Cash collections improved. Cash stresses removed. Minimised complaint emails to managing director. Business became more cash-flush enabling a business expansion plan.
2. Business planning and periodic re-forecasting
Gifts business needed to prepare business plan for grant and loan applications.
Profit & Loss account
The plan formed the basis for their operational actions during the year, in the lead up to the main trading period at Christmas. With a written down plan, there was a more definite drive to the business to be successful.
3. Work flow management
Business was not receiving official Purchase Orders from their client to match against costed quotes provided to them for jobs. The client had several completed jobs ignored because the client had not issued a PO. This was causing relationship issues between the business and the client.
An easy-to-use workflow tracker was prepared:
The Operations Manager entered the Work-Order information, including
1. unique job-identifier code
2. job description
3. job manager
4. quote price
5. associated client PO number (and whether unique or blanket PO)
6. date of commencement
7. date of completion
An automated status matrix enabled the Finance Manager to know which jobs were fully certified as completed, enabling prompt weekly invoicing. (See graphic: “Workflow matrix”)

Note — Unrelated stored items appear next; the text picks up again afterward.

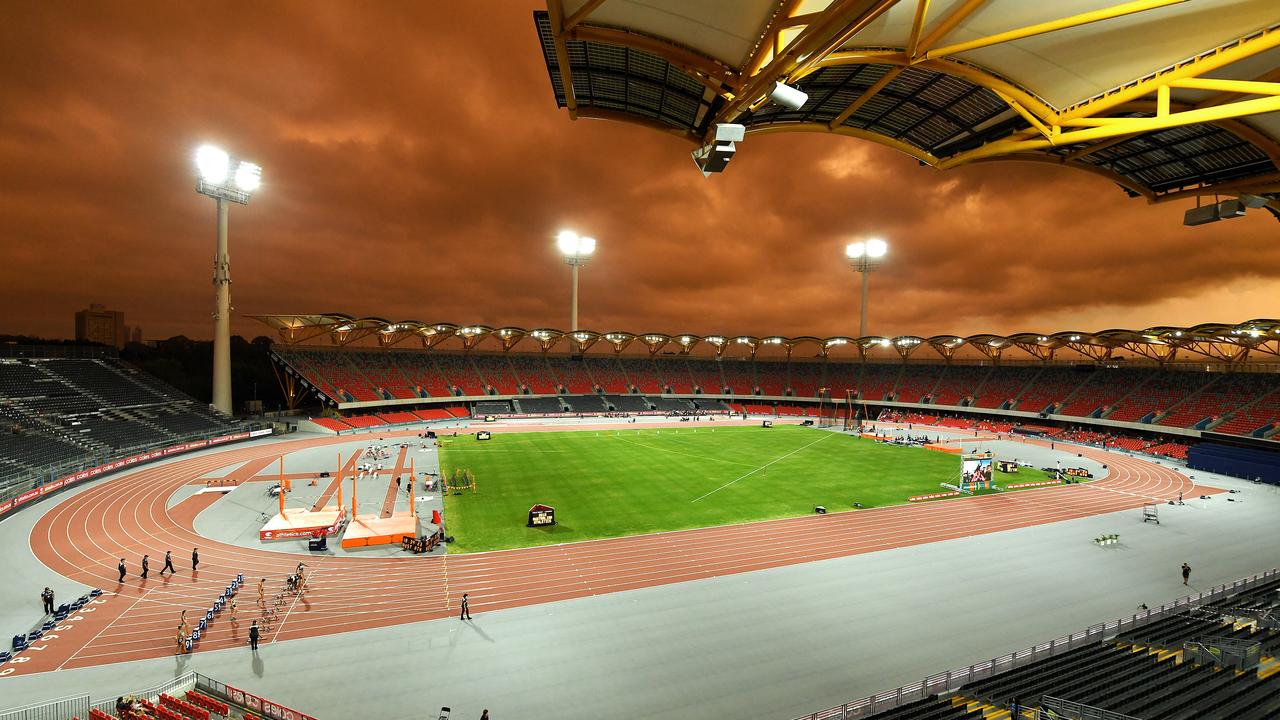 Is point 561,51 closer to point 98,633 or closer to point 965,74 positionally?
point 965,74

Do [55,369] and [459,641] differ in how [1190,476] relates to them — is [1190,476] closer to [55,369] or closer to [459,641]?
[459,641]

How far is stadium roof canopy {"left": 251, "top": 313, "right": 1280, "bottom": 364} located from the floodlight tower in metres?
5.36

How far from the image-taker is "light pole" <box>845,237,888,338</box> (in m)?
81.1

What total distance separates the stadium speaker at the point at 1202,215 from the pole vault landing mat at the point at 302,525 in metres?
29.9

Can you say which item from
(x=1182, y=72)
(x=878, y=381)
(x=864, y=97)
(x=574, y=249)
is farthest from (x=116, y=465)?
(x=878, y=381)

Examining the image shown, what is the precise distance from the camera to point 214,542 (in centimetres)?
2192

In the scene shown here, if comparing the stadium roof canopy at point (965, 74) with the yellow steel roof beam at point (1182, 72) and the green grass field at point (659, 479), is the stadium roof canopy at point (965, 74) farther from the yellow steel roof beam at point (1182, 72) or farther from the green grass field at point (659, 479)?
the green grass field at point (659, 479)

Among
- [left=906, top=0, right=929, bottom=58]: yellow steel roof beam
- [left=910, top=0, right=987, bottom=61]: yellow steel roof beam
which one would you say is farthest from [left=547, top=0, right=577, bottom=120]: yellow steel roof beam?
[left=910, top=0, right=987, bottom=61]: yellow steel roof beam

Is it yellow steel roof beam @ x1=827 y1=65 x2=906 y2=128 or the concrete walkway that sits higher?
yellow steel roof beam @ x1=827 y1=65 x2=906 y2=128

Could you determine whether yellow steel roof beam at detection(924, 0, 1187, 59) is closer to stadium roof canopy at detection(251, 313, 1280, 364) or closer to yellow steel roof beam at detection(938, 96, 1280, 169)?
yellow steel roof beam at detection(938, 96, 1280, 169)

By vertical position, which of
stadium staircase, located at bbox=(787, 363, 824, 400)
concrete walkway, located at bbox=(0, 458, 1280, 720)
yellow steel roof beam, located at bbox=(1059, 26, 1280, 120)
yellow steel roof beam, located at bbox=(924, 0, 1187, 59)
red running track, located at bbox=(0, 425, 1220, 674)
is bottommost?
concrete walkway, located at bbox=(0, 458, 1280, 720)

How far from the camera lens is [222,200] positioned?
1852 inches

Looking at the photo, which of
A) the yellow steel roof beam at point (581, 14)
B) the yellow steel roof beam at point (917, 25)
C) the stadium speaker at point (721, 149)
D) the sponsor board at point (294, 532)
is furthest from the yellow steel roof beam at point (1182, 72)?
the sponsor board at point (294, 532)

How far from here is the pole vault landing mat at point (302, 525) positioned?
22156mm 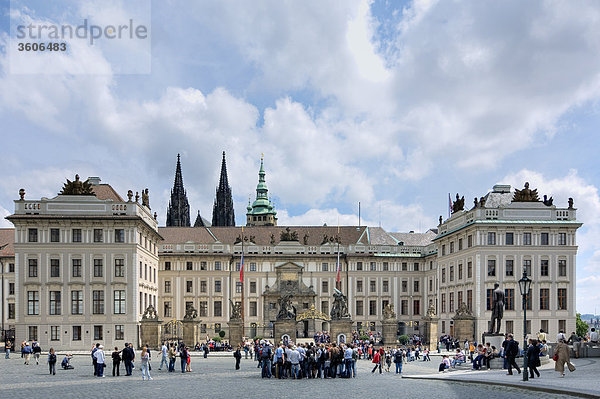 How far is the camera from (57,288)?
6538cm

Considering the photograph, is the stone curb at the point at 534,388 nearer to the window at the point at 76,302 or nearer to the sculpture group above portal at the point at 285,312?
the sculpture group above portal at the point at 285,312

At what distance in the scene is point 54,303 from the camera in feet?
214

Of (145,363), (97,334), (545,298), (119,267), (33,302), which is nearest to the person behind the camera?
(145,363)

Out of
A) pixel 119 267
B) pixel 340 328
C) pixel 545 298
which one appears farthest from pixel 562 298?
pixel 119 267

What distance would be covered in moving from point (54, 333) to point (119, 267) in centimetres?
738

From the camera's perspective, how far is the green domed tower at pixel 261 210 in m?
137

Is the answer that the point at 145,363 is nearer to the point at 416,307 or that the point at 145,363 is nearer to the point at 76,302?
the point at 76,302

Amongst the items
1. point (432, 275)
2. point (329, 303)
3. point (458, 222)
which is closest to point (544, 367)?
point (458, 222)

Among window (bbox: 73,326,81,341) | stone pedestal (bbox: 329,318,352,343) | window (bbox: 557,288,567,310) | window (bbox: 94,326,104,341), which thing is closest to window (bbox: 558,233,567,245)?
window (bbox: 557,288,567,310)

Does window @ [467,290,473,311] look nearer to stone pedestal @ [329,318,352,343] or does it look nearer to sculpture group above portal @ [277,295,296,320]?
stone pedestal @ [329,318,352,343]

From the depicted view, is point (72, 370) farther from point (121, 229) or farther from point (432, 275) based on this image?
point (432, 275)

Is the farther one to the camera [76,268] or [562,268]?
[562,268]

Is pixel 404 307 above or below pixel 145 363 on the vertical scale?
below

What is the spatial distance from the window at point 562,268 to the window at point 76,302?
40.4m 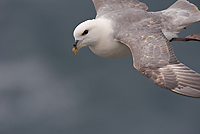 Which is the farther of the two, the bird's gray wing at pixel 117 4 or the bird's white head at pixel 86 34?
the bird's gray wing at pixel 117 4

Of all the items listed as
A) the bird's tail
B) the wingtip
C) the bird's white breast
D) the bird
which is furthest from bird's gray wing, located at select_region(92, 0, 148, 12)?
the wingtip

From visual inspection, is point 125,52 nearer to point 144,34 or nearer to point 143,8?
point 144,34

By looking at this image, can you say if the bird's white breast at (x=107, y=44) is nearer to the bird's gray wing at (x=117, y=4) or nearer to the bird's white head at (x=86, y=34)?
the bird's white head at (x=86, y=34)

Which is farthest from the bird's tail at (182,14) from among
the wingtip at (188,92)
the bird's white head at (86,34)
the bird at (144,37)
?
the wingtip at (188,92)

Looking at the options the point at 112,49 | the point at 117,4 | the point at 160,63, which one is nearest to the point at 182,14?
the point at 117,4

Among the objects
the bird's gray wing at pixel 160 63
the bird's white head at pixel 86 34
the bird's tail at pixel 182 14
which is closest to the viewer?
the bird's gray wing at pixel 160 63

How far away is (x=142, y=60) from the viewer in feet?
28.6

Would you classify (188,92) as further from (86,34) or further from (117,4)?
(117,4)

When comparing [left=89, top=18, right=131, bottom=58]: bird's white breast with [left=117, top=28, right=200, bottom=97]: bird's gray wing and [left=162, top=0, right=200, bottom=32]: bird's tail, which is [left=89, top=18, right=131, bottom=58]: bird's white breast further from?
[left=162, top=0, right=200, bottom=32]: bird's tail

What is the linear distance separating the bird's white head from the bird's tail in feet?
7.17

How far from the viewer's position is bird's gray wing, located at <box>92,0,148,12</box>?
11016 millimetres

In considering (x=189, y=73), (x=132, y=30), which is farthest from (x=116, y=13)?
→ (x=189, y=73)

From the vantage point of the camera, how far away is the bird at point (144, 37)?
331 inches

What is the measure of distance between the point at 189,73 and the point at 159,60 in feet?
2.35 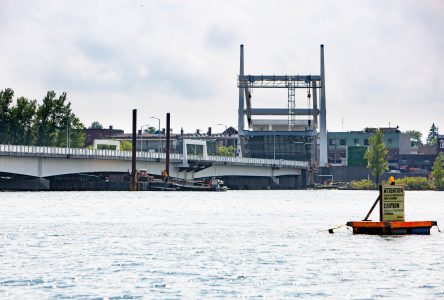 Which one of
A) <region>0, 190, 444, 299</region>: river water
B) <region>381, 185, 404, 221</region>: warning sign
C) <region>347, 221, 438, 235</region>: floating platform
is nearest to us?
<region>0, 190, 444, 299</region>: river water

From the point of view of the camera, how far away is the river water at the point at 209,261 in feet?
160

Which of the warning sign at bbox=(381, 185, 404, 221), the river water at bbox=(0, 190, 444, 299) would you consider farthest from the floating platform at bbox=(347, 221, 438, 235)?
the warning sign at bbox=(381, 185, 404, 221)

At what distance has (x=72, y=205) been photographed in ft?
442

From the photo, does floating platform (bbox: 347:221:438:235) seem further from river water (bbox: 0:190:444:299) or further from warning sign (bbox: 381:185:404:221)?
warning sign (bbox: 381:185:404:221)

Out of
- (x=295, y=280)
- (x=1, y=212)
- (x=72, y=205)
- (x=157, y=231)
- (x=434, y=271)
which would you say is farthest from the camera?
(x=72, y=205)

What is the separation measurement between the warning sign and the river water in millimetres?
1504

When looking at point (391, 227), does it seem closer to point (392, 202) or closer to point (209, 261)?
point (392, 202)

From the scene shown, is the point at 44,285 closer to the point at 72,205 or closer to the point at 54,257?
the point at 54,257

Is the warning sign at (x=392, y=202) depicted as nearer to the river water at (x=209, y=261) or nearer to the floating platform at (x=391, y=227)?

A dashboard provided senior management with an instant overview of the workflow values. (See graphic: “Workflow dashboard”)
1. All stages in the workflow tracker were controlled and tracked. Job delineation and stage ownership was understood by both Ops and Finance.
2. Invoices were prepared and processed with minimal querying by the client.
3. Blanket PO levels were constantly tracked, ensuring that no jobs were commenced without PO coverage.
4. Cash inflow improved as there was minimal delay between completion and batch invoicing.